The Fed has been testing overnight reverse repos at a 0.05 per cent rate, limiting daily transactions to US$300 billion. When the central bank eventually lifts rates, it will do so by raising the reverse repo rate to 0.25 per cent and temporarily increasing or suspending the US$300 billion cap, according to minutes of the policy-setting Federal Open Market Committee's latest meeting in March.
"Many participants agreed that an elevated aggregate capacity for the facility would likely be appropriate only for a short period after liftoff," according to the minutes.
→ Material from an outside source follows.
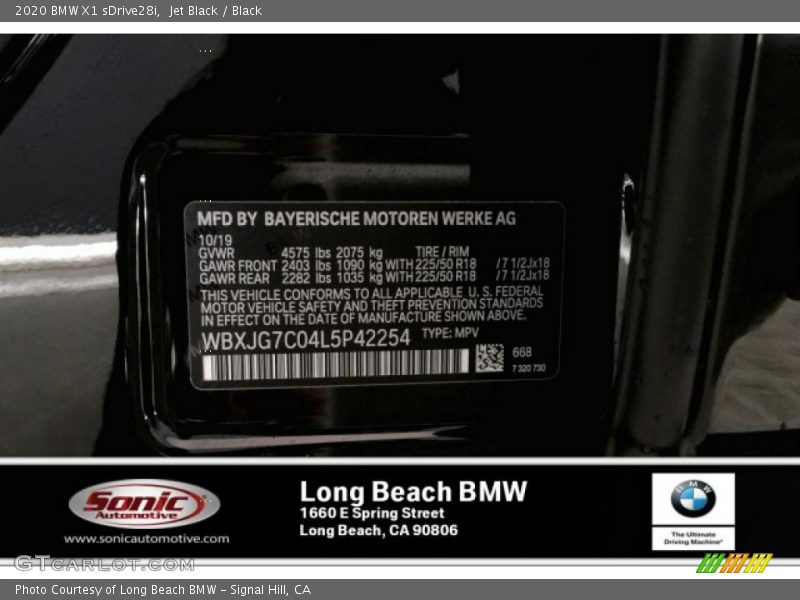 Jet Black / Black 2020 BMW X1 sDrive28i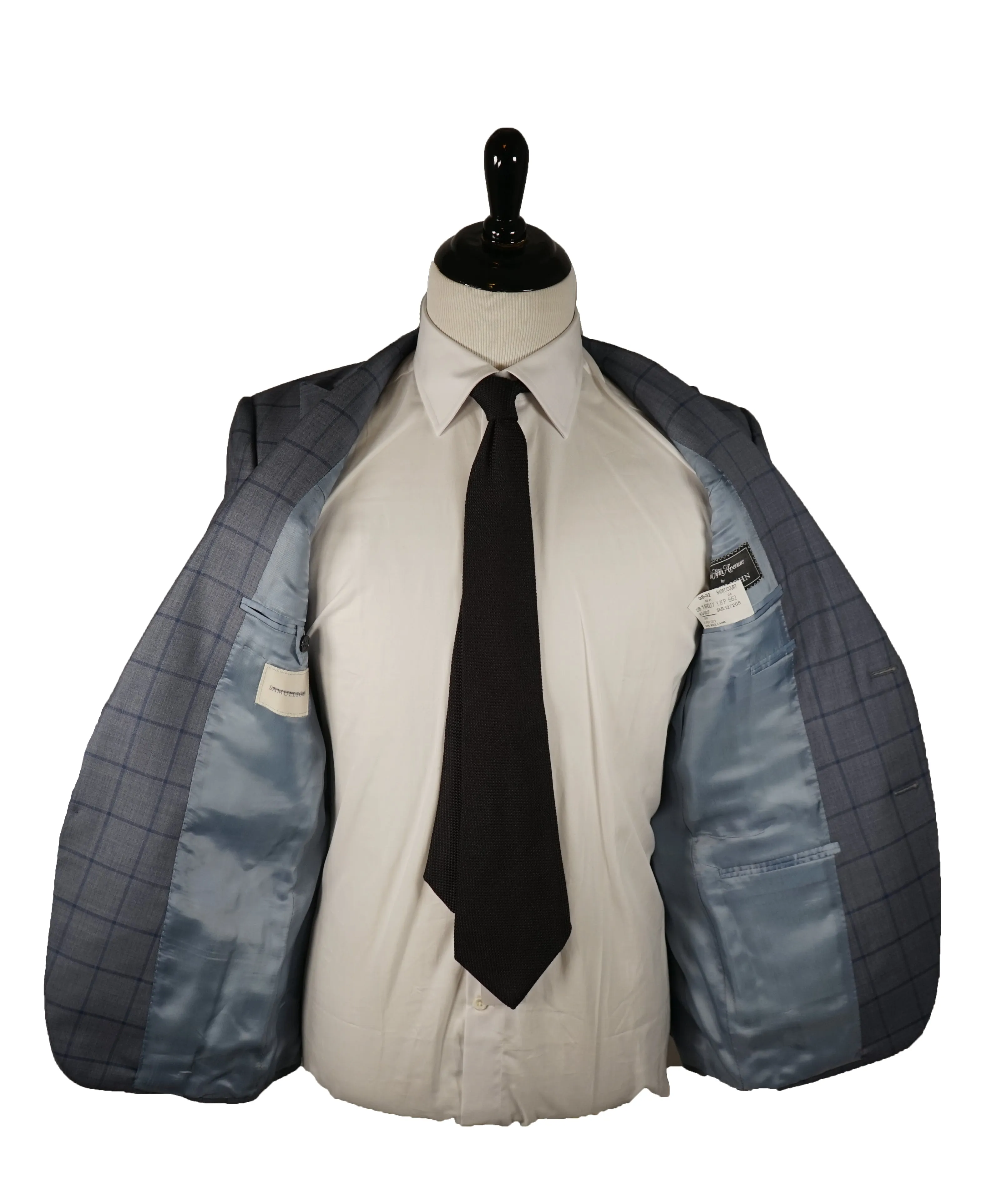 SAMUELSOHN - Wide Peak Lapel Windowpane Blue Suit - 38S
Officials have expressed concern that offering too many reverse repos to money funds for too long could drain business away from the funds' traditional repo market counterparties. That might harm those relationships, which form a vital part of the plumbing of the financial system. Moreover, the presence of the Fed as a risk-free counterparty could exacerbate strains on bank funding in times of future crisis.
In response, analysts from Barclays to Goldman Sachs Group worry that the current cap would be too small to prevent rates from falling when officials want them to climb, and that their hesitancy to embrace a higher volume of reverse repo transactions may lead to more volatility in money markets when the Fed begins raising interest rates.
The central bank will probably have to conduct more than US$1 trillion of reverse repos each day to exert adequate control over rates after liftoff, according to Wrightson ICAP.
Mr Potter stressed that policy makers will retain flexibility in their approach and make changes to maintain control if necessary.
While the current US$300 billion limit "has generally provided sufficient capacity to establish a floor on the level of money market rates, it is difficult to know ex ante whether the same amount will be adequate once we move away from the zero lower bound," he said.
"Providing capacity that market participants will judge sufficient to meet demand with a high degree of certainty can therefore enhance the confidence of policymakers and market participants that the facility will support short-term interest rates at the time of liftoff."